Os preços por token caíram 75% em um ano, mas a maioria das organizações está gastando mais em IA, não menos. A ilusão do custo está escondida à vista de todos.

O projeto de lei que não encolheu
Imagine um CFO analisando os gastos trimestrais de cloud. A equipe de AI apresenta um gráfico convincente: os custos de inferência por token caíram 75% ano a ano. Os modelos são mais rápidos, as APIs são mais baratas e o fornecedor está oferecendo descontos por volume. Tudo aponta para a economia. Então, chega a fatura real e o total é maior que o do último trimestre.
Esse não é um cenário hipotético. Ele está ocorrendo em todas as empresas no momento e revela uma lacuna entre a narrativa sobre os custos de IA e a realidade operacional. O setor comemora a queda dos preços dos tokens como se insumos mais baratos significassem automaticamente resultados mais baratos. Mas, na prática, a forma como as organizações consomem IA mudou tão drasticamente que a queda dos preços unitários conta apenas metade da história.
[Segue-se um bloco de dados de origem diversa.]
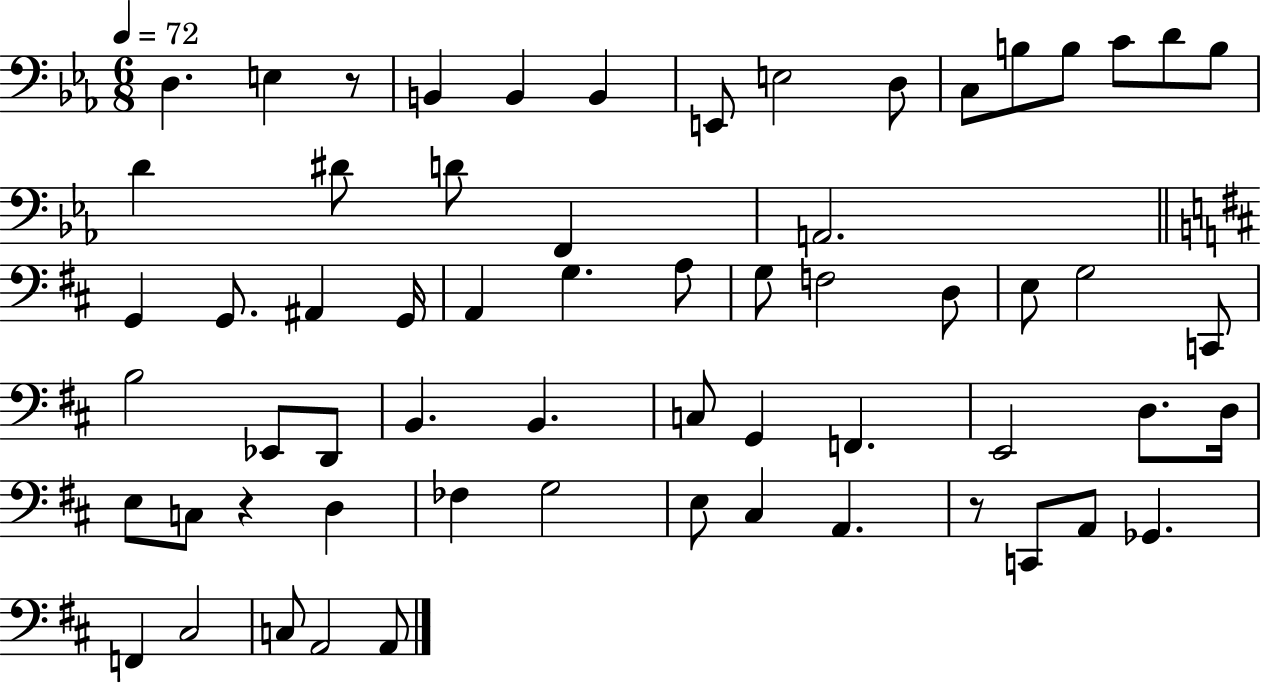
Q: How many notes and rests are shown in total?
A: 62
A questão que vale a pena examinar não é se os tokens estão ficando mais baratos. Eles estão. A questão mais reveladora é se esse barateamento está se traduzindo em contas de IA mais baixas ou se está permitindo discretamente padrões de consumo que empurram os custos totais na direção oposta.
A queda de preço é real
Para ser claro: o declínio no preço por token é genuíno e significativo. De acordo com o data de gastos empresariais da Ramp, o custo médio por milhão de tokens nos principais provedores caiu de aproximadamente $10 para $2,50 em um único ano. A pesquisa da Epoch AI sugere que os custos de inferência estão caindo a taxas próximas a 200 vezes por ano, levando em conta as melhorias de preço e eficiência. Andreessen Horowitz cunhou o termo “LLMflation” para descrever essa curva deflacionária, traçando um paralelo com a Lei de Moore em semicondutores.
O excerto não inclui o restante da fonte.